GoogleCloudDataproc / spark-bigquery-connector

BigQuery data source for Apache Spark: Read data from BigQuery into DataFrames, write DataFrames into BigQuery tables.
Apache License 2.0
369 stars 193 forks source link

Reading a view results in a empty data frame #1266

Open tom-s-powell opened 1 month ago

tom-s-powell commented 1 month ago

I'm running into a strange situation reading a view from BigQuery using DIRECT method. The view in question contains a Boolean column which I'm attempting to filter on.

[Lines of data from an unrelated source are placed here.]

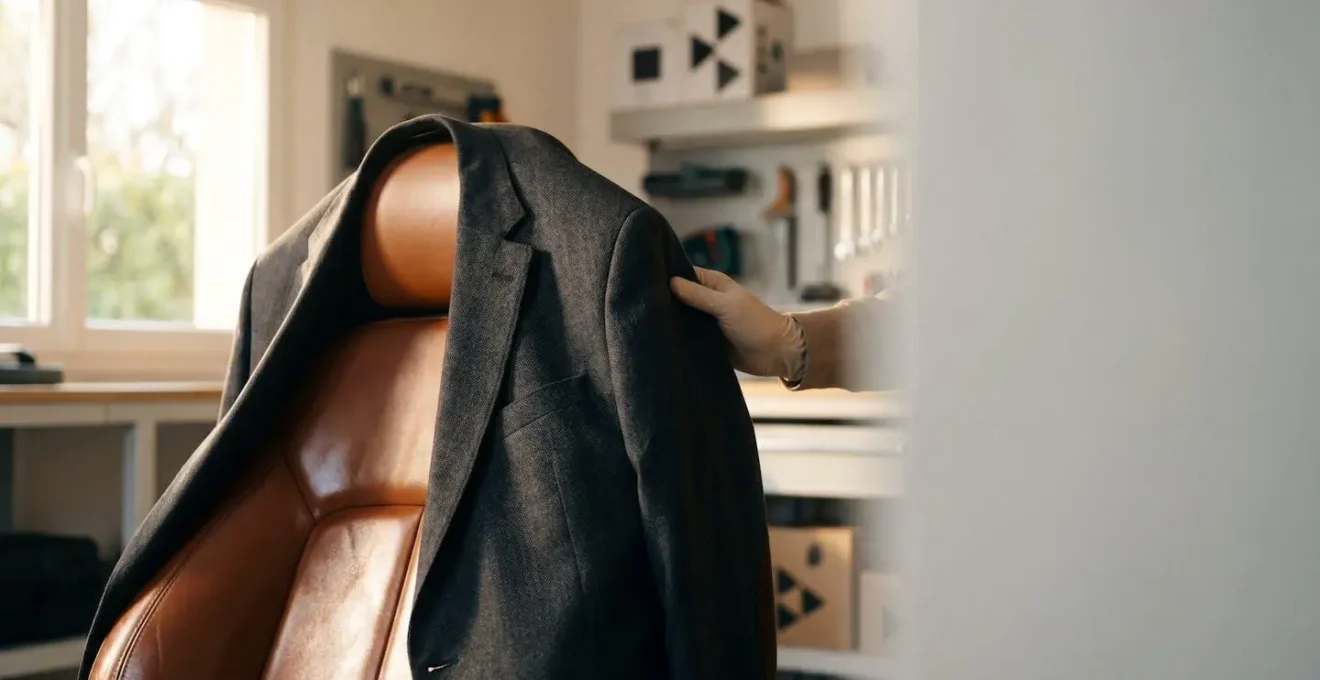 Gros plan élégant sur une housse de siège auto protégeant une sellerie en cuir dans un habitacle soigné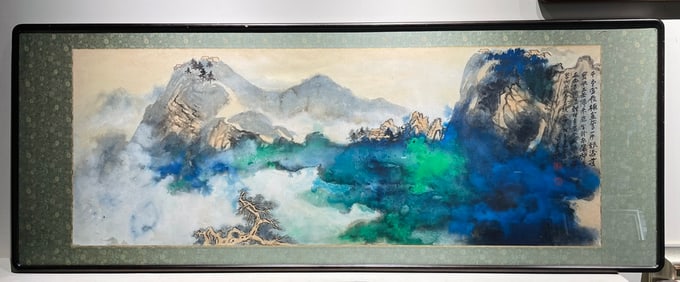 A large number of colorful landscape plaques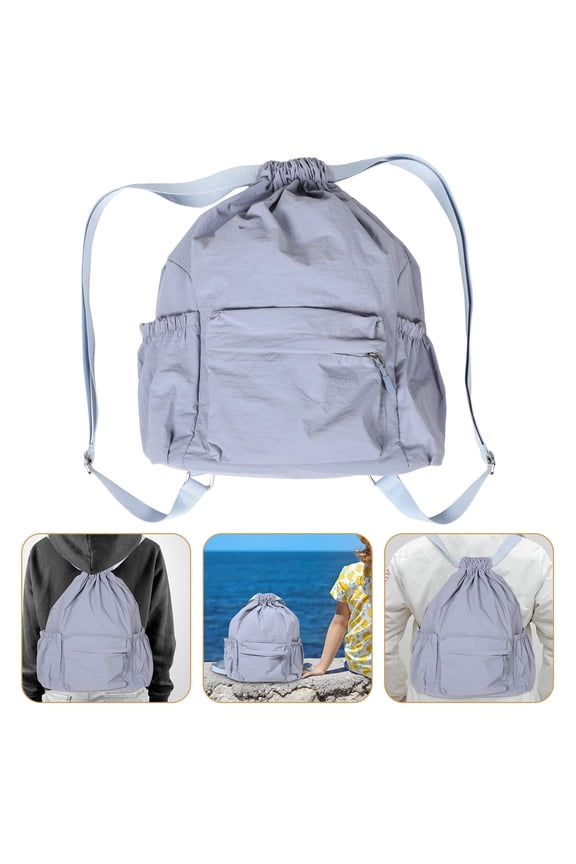Blue Lightweight Drawstring Gym Backpack Closure for Daily Commutes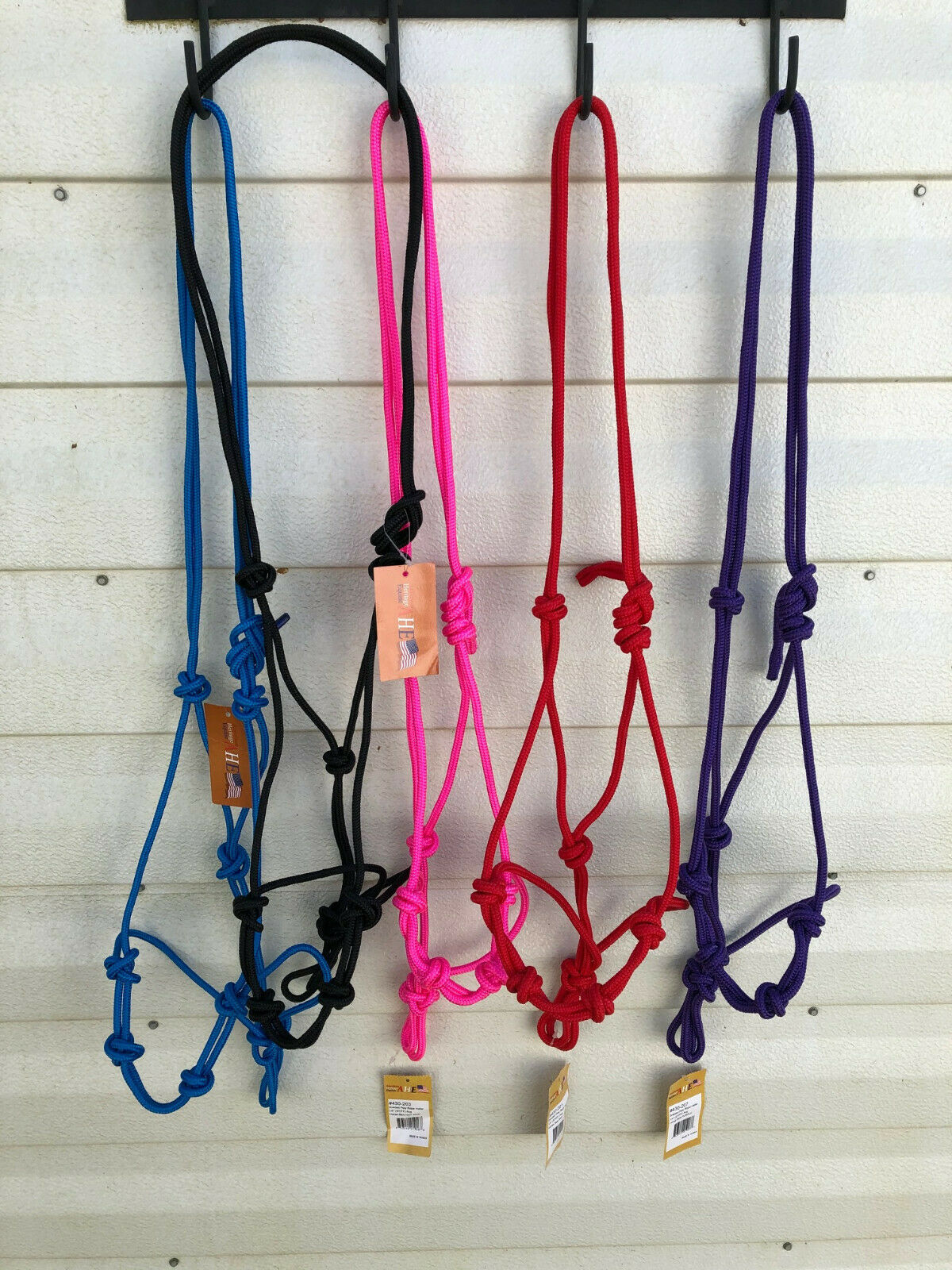 Brand New 4 Knot Rope Halter Bitless Bridle Black Blue Pink Purple Red Ahe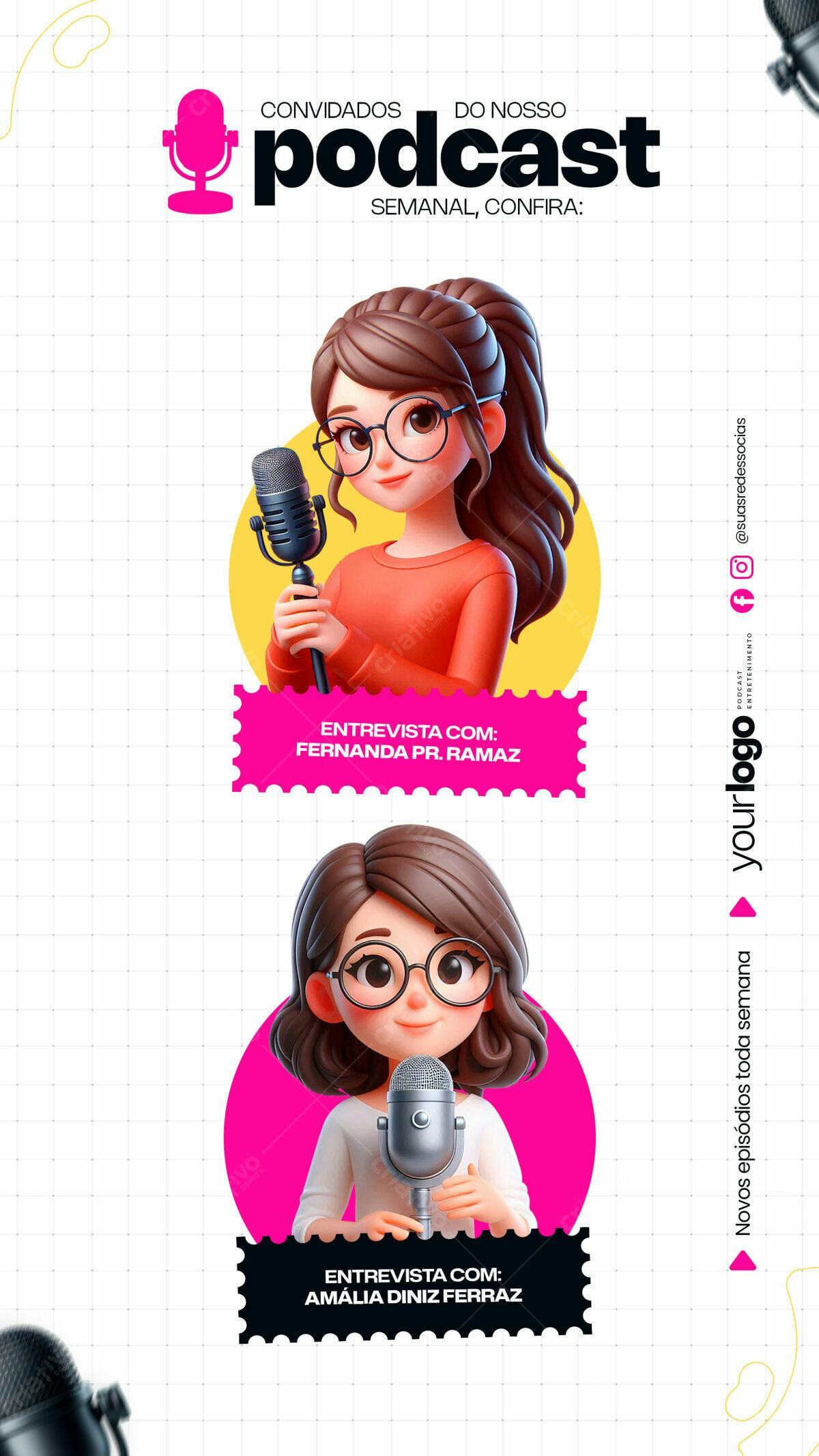 Arte para Podcast PSD Editável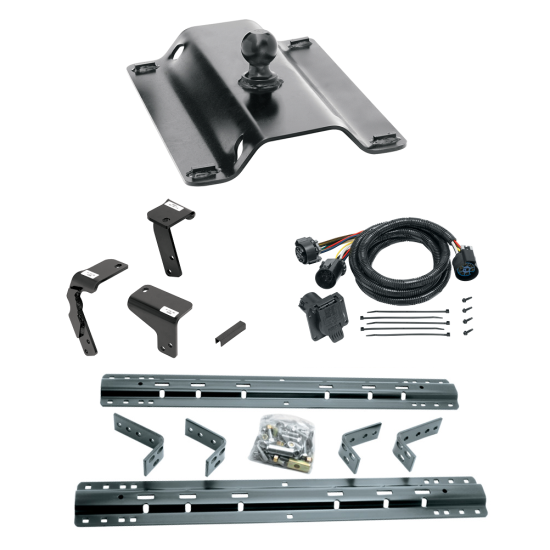 For 2014-2018 RAM 1500 Industry Standard Semi-Custom Above Bed Rail Kit + 25K Pro Series Gooseneck Hitch + In-Bed Wiring (For 5'8 or Shorter Bed (Sidewinder Required), Except w/Air Suspension, w/o Factory Puck System Models) By Reese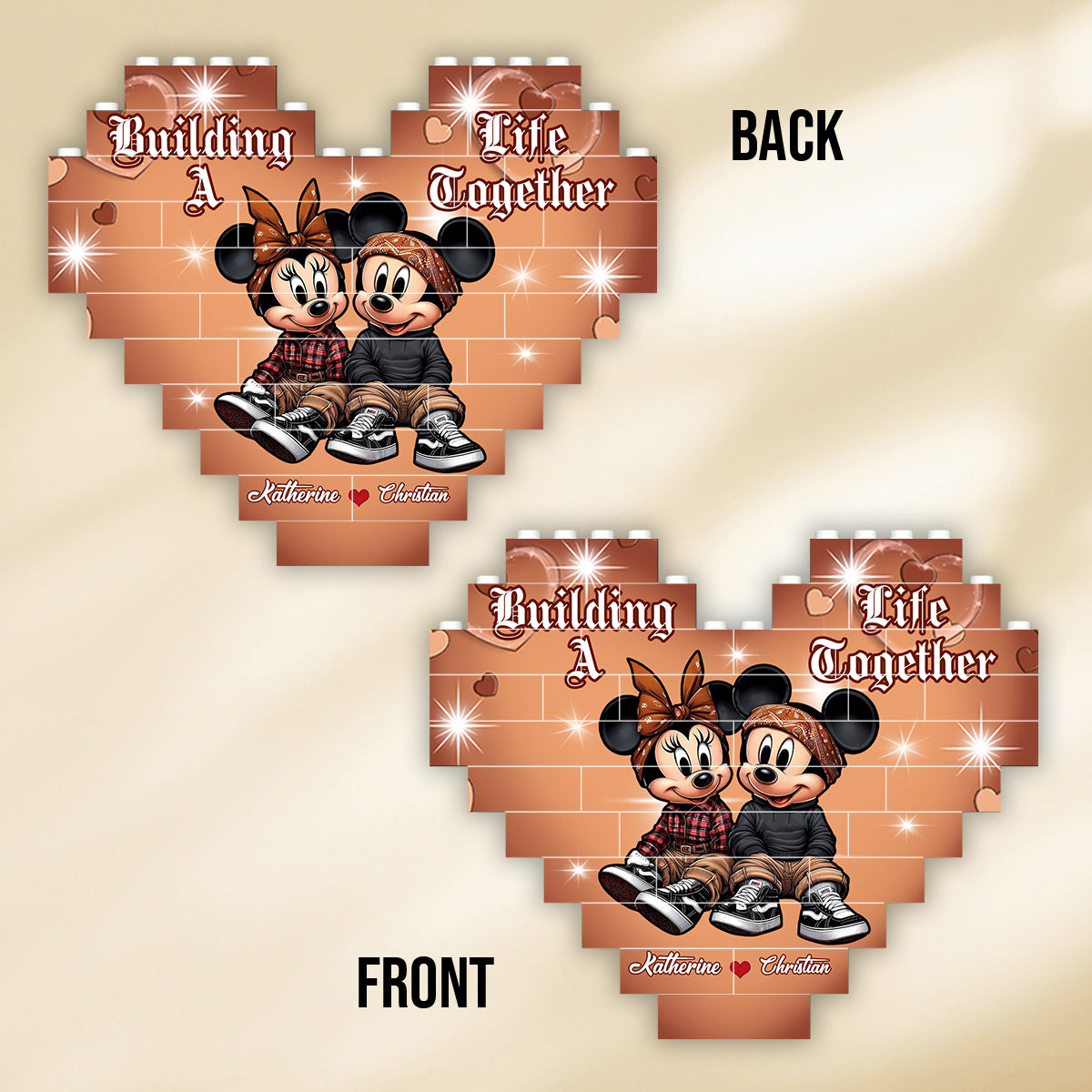 Buiding A Life Together - Personalized Mouse Heart Building Brick Blocks Printed On Both Sides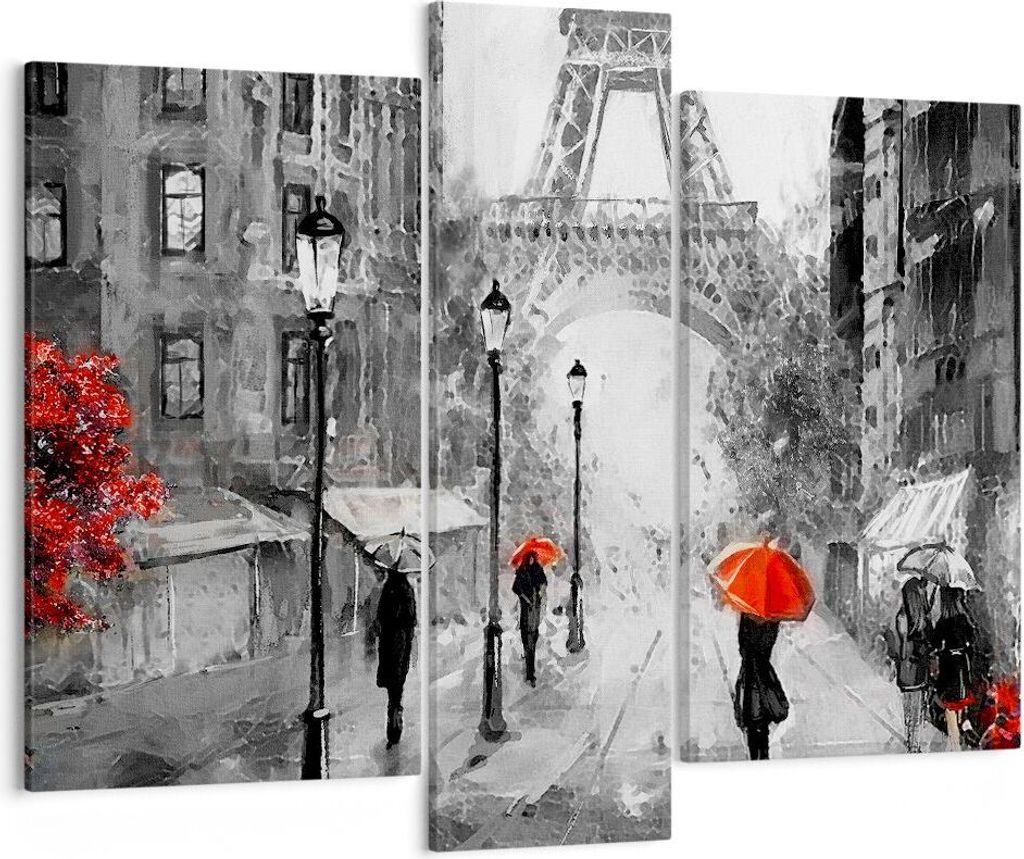 Bild auf Leinwand - Leinwandbild - Paris Stadt Zuhause - 95x80cm - Wand Bild - Wanddeko - Wandbilder - Leinwanddruck - Bilder - Kunstdruck - Wandde...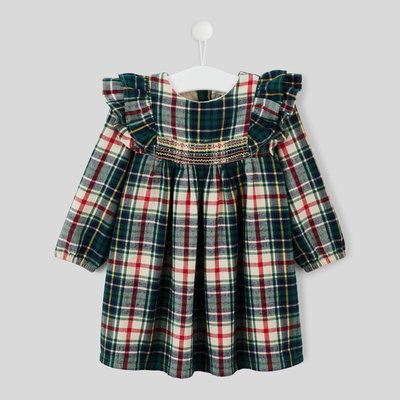 Robe manches longues col rond à carreaux en coton BIO, certifié OEKO-TEX BOUT'CHOU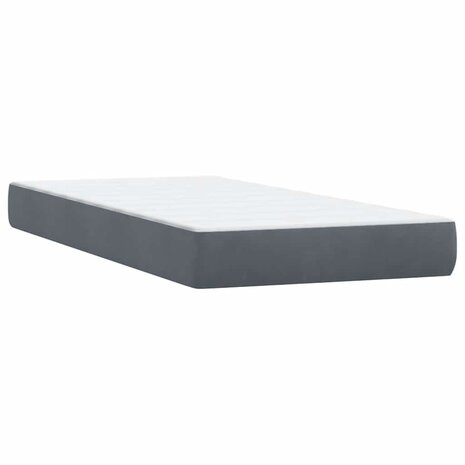 Boxspring met matras fluweel donkergrijs 80x220 cm 7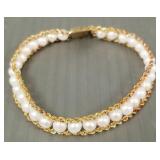14K gold rope chain & pearl bracelet- 10.5g; 7'L;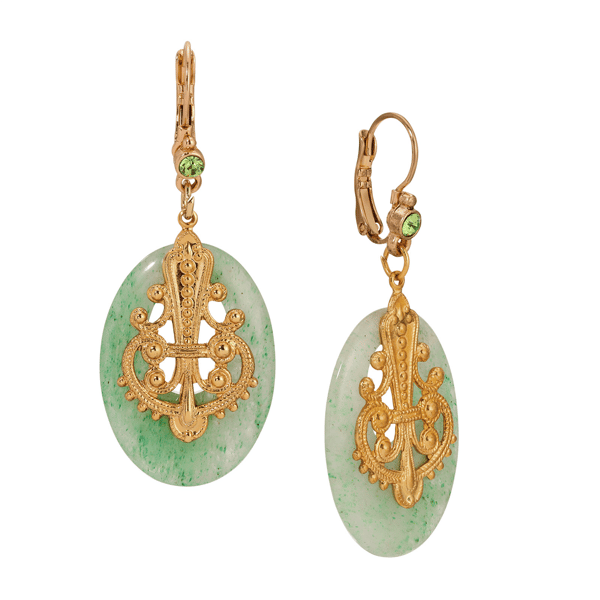 1928 Gold-Tone Oval Semi-Precious Filigree Earrings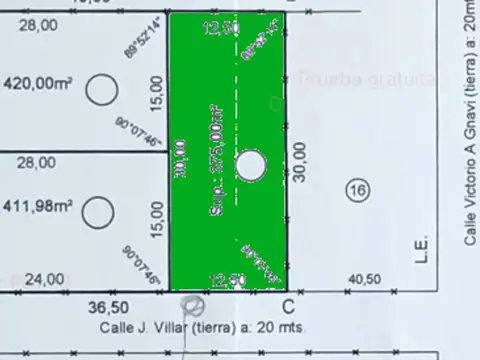 Terreno en Venta de 375,0 m2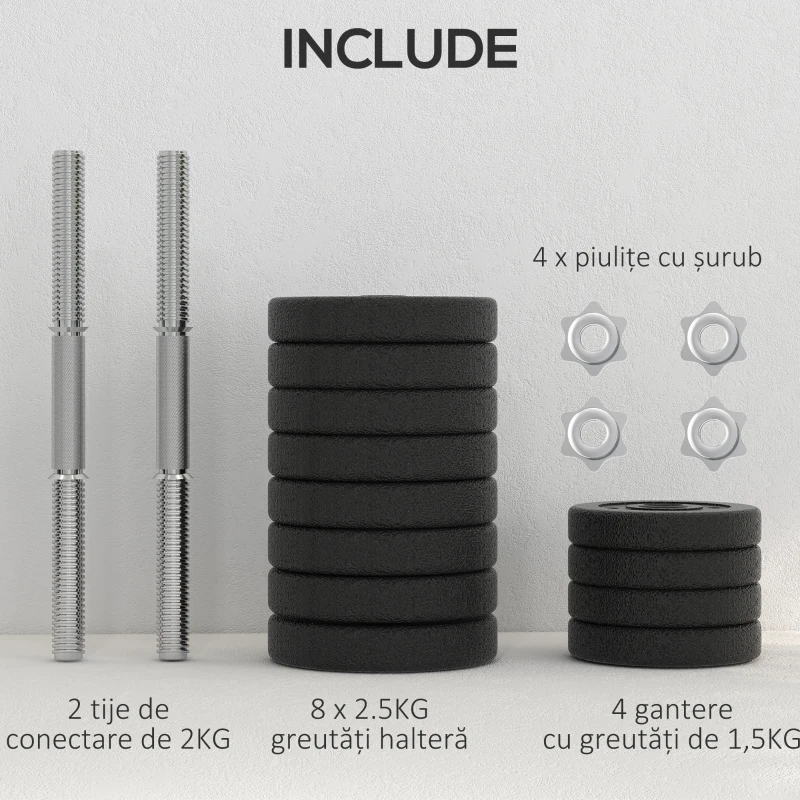 HOMCOM Set de Gantere 30 kg (8x2.5 kg, 4x1.5 kg) cu 12 Discuri și 2 Gantere de 2 kg, 43x18x7.5 cm, Negru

Running a count on the dataframe returns the correct number of rows, but when collecting the results the dataframe appears empty.

The filter is being pushed down and there are streams returned from the BigQuery storage API.

INFO  [2024-07-23T09:09:57.690200Z] com.google.cloud.bigquery.connector.common.BigQueryClient: DestinationTable is GenericData{classInfo=[datasetId, projectId, tableId], {datasetId=<redacted>, projectId=<redacted>, tableId=<redacted>}}
INFO  [2024-07-23T09:09:57.701162Z] com.google.cloud.bigquery.connector.common.BigQueryClient: running query SELECT * FROM `<redacted>.hub.txn_sales_order_header` FOR SYSTEM_TIME AS OF TIMESTAMP_MILLIS(1721692800000)
INFO  [2024-07-23T09:10:05.171100Z] com.google.cloud.spark.bigquery.direct.DirectBigQueryRelation: |Querying table <redacted>.<redacted>.<redacted> created from "SELECT * FROM `<redacted>.hub.txn…", parameters sent from Spark:|requiredColumns=[],|filter=[(`boolean_flag` = true)]
INFO  [2024-07-23T09:10:06.522624Z] com.google.cloud.spark.bigquery.direct.DirectBigQueryRelation: Used optimized BQ count(*) path. Count: 7906080
INFO  [2024-07-23T09:10:18.972066Z] com.google.cloud.spark.bigquery.direct.DirectBigQueryRelation: |Querying table <redacted>.<redacted>.<redacted> created from "SELECT * FROM `<redacted>.hub.txn…", parameters sent from Spark:|requiredColumns=[<redacted>],|filter=[(`boolean_flag` = true)]
INFO  [2024-07-23T09:10:19.210747Z] com.google.cloud.bigquery.connector.common.BigQueryClientFactory: Channel pool size set to 2
INFO  [2024-07-23T09:10:19.483697Z] com.google.cloud.bigquery.connector.common.ReadSessionCreator: |creation a read session for table {}, parameters: |selectedFields=[<redacted>],|filter=[(`boolean_flag` = true)]
INFO  [2024-07-23T09:10:20.732685Z] com.google.cloud.bigquery.connector.common.ReadSessionCreator: Read session:{"readSessionName":"projects/<redacted>/locations/us/sessions/<redacted>","readSessionCreationStartTime":"2024-07-23T09:10:18.972392754Z","readSessionCreationEndTime":"2024-07-23T09:10:20.719572186Z","readSessionPrepDuration":527,"readSessionCreationDuration":1220,"readSessionDuration":1747}
INFO  [2024-07-23T09:10:20.732949Z] com.google.cloud.bigquery.connector.common.ReadSessionCreator: Received 50 partitions from the BigQuery Storage API for session projects/<redacted>/locations/us/sessions/<redacted>. Notice that the number of streams in actual may be lower than the requested number, depending on the amount parallelism that is reasonable for the table and the maximum amount of parallelism allowed by the system.
INFO  [2024-07-23T09:10:20.735739Z] com.google.cloud.spark.bigquery.direct.BigQueryRDDFactory: Created read session for table '<redacted>.<redacted>.<redacted>': projects/<redacted>/locations/us/sessions/<redacted>

As I say, you can see in the logs above the count returning the correct number of rows - it hits this code path and as I understand it, this should be getting the row count from the TableInfo of the materialized table (since actualTable is passed in) rather than running a count query on the view.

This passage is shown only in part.